Hiram – There is no more recurrent and pervasive problem in the world than food and world hunger, and the entire campus of Hiram College will be focusing on it this school year with a series of public events, and focused learning opportunities.
In the 2012-13 school year more than a dozen major events and seventeen courses across many academic disciplines will explore this year’s “Food and Hunger” theme at Hiram. Each year since 2006, Hiram’s Center for Engaged Ethics has selected a theme around which the campus and community do common reading linked to academic coursework and lectures by scholars and experts about an “urgent challenge of the day.” Past themes have included war, civility, and sustainability.
The entire incoming freshman class will be required to read Fast Food Nation: The Dark Side of the All-American Meal, by Eric Schlosser, and then be able to use what they’ve read in related course work, including, “Ethics of Food,” “The Art of Making Dough,” “Dissecting Dinner: What is on our Plates and Where did it Come From?,” “Food Fight” and “Environmental Justice.”
Dr. Olivier De Schutter, the United Nations Special Rapporteur on the Right to Food by the Human Rights Council, and a legal academic and human rights expert, will deliver the keynote address, “World Hunger: Can We Feed the World?” at a campus-wide kick-off event Sept. 11, followed Sept. 13 by Teach-in by 13 faculty members from diverse disciplines. Teach-in subjects range from genetically modified foods, government food regulation, and hunger’s roll in geopolitics to the cost of healthy food, food for our companion animals, and educating children about food.
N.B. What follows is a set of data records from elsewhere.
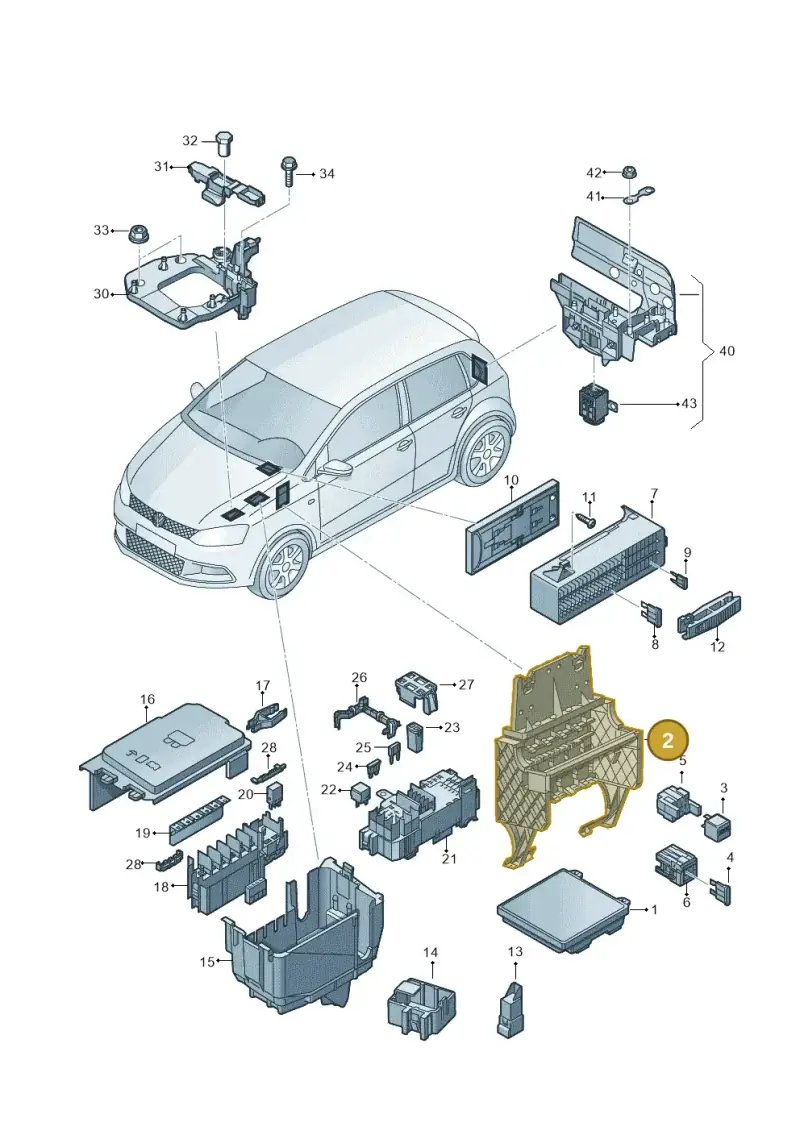 6C0907371A — Skoda Rapid (2012-2022) diagram 773937010, position 2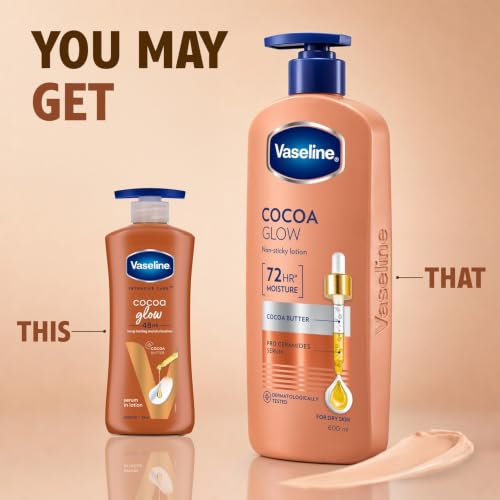 Vaseline Cocoa Glow Serum In Lotion, 600 ml - Image 4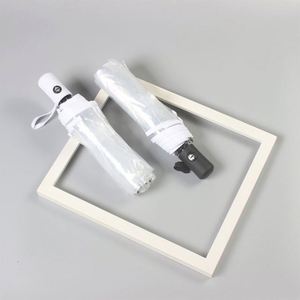 Parapluie pliant transparent personnalisé avec logo, entièrement automatique, ouverture et fermeture automatiques, pour la pluie et les mariages - Product Image 4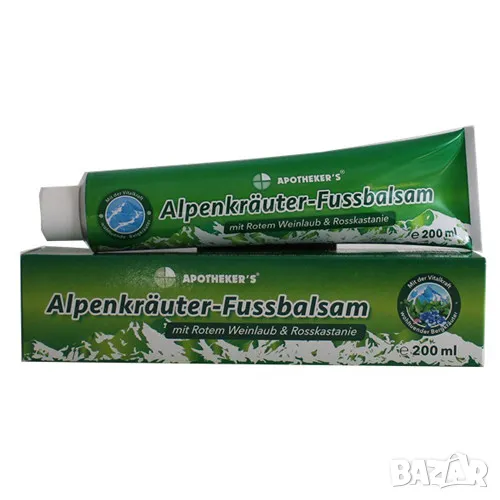 Алпенкройтер Apoteker’s балсам за крака и вени с алпийски билки от Германия , снимка 1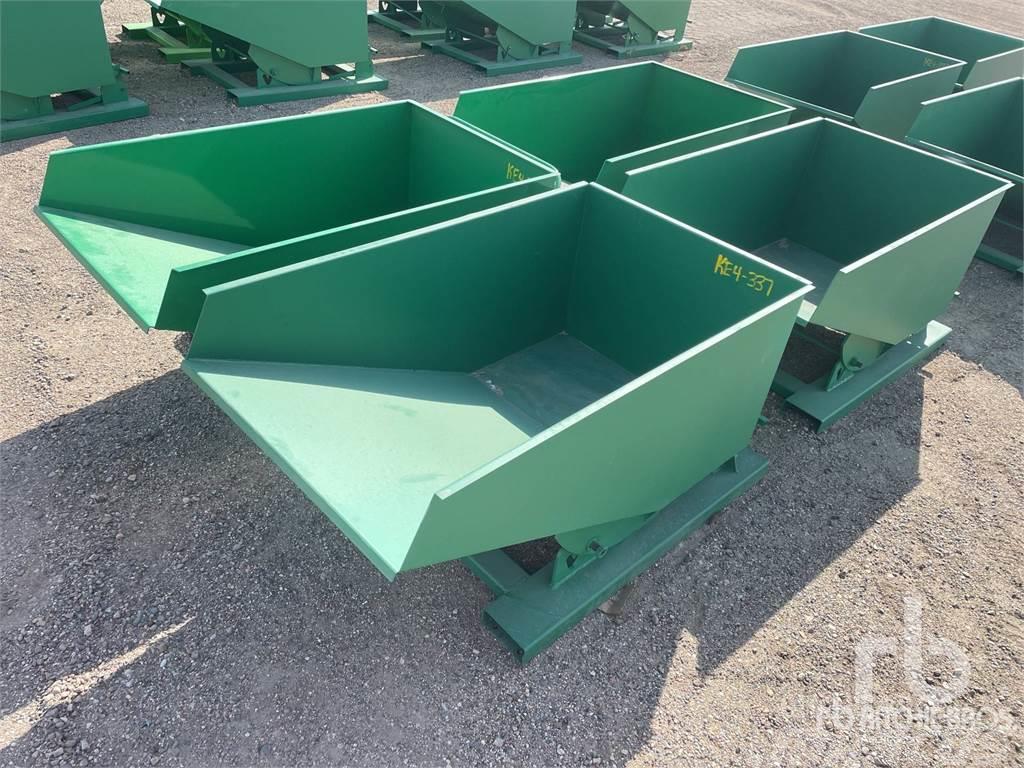  Quantity of (4) 4 ft Speciale containers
Additional related events 2012-2013 academic year include the following:
The lecture “Feeding and (Bio) fueling a Crowded World,” with Scott Swinton, professor of applied microeconomics at Michigan State University, Sept. 25, 2012.
A lecture and visit by award-winning filmmaker and novelist Ruth Ozeki (My Year of Meats and All Over Creation), Oct. 10, 2012.
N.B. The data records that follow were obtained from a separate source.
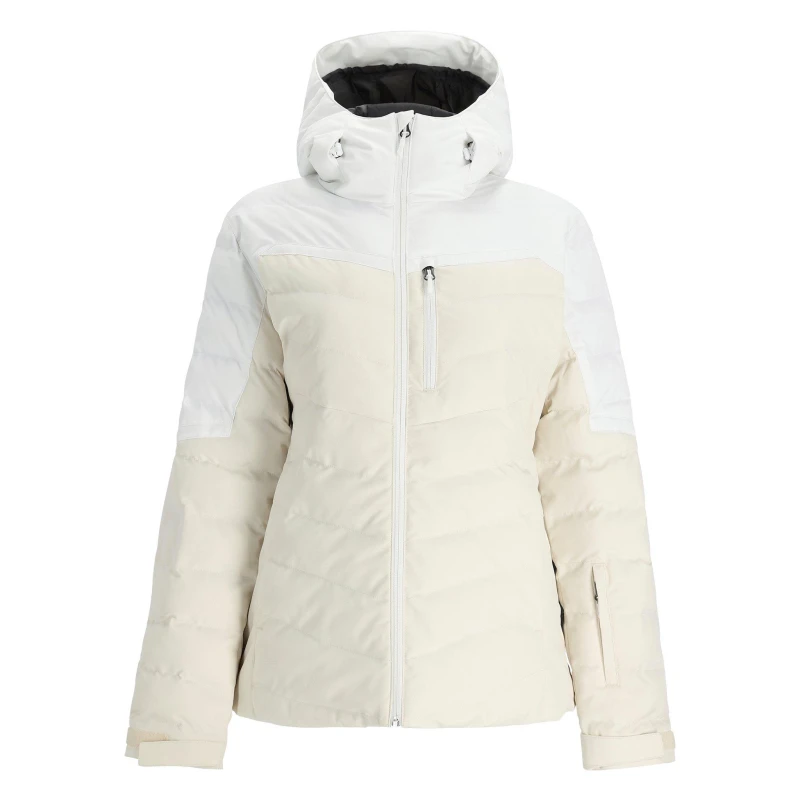 Image of Spyder Brisk Down Jacket Womens - White White 10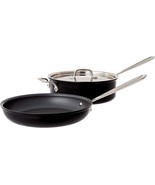 All-Clad NS1 3 Piece Hard Anodized Nonstick 4-qt Saute Pan with 10-Inch Fry - $1,853.91 MXN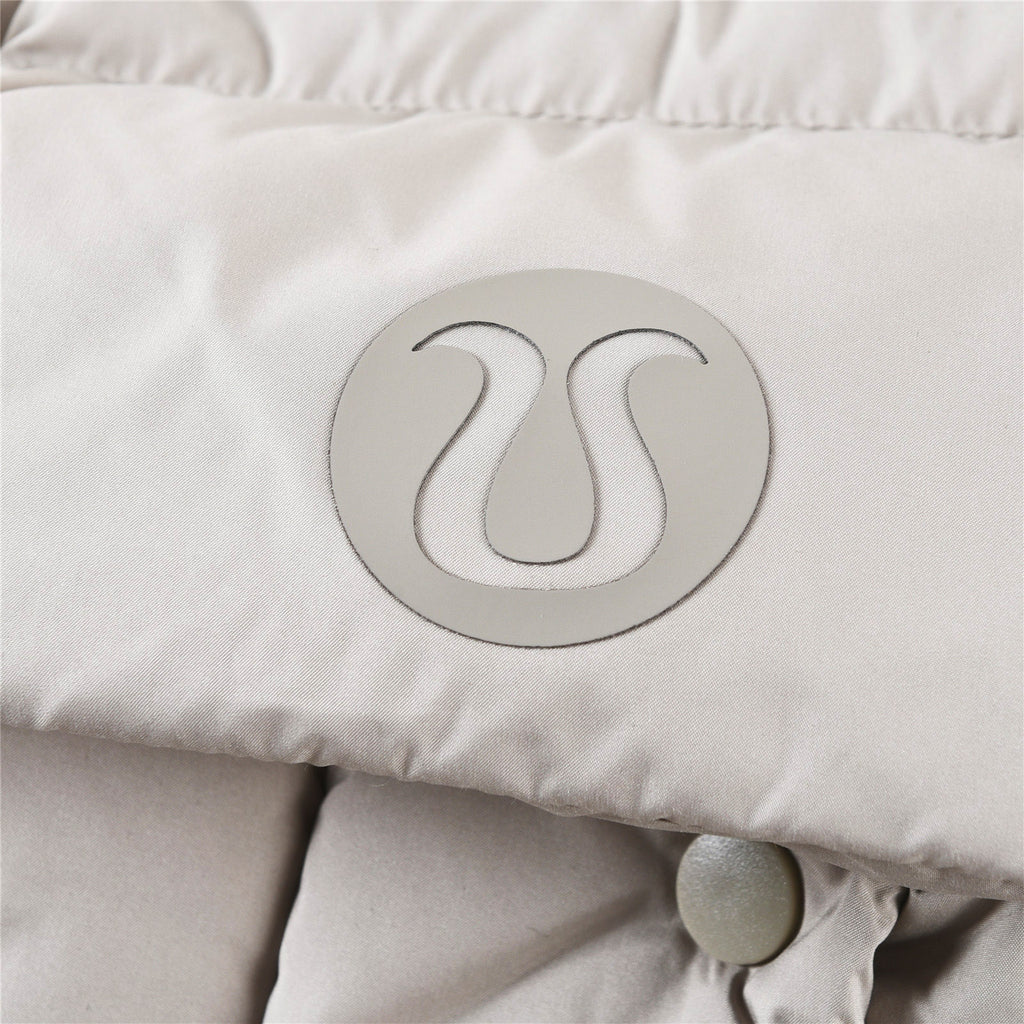 lululemon Women's Wunder Puff Water-Repellent Down Puffer Jacket in Raw Linen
A lecture and visit by Anupama Joshi, the Executive Director and Co-Founder of the National Farm to School Network, Oct. 30, 2012.
The lecture “Folks, This Ain’t Normal,” by author Joel Salatin (You Can Farm and Salad Bar Beef), March 14, 2013.
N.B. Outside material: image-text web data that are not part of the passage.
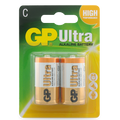 Battery 1.5V Ultra Alkaline C GP Brand Card of 2.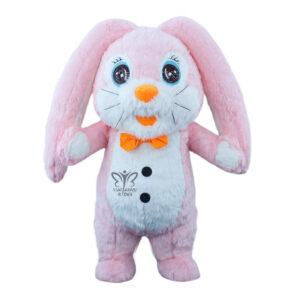 Rabbit Furr Mascot Pink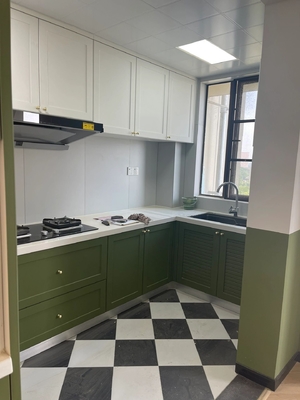 Custom American Style Kitchen Cabinet with Island Plywood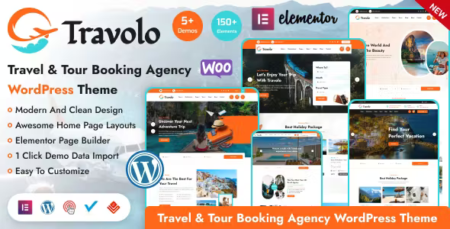Travolo Travel and Tour Booking Theme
During the Spring 2013 semester, Hiram will continue focusing on food and hunger as part of a first-ever Science Reads program.
Modeled after the National Endowment of the Arts’ Big Read program, Science Reads will engage campus and community in common reading about science, with Four Fish: The Future of the Last Wild Food by Paul Greenberg, noted author, and W.K. Kellogg Foundation Food and Society Fellow. Greenburg will lecture on Hiram’s campus Feb. 5, 2013.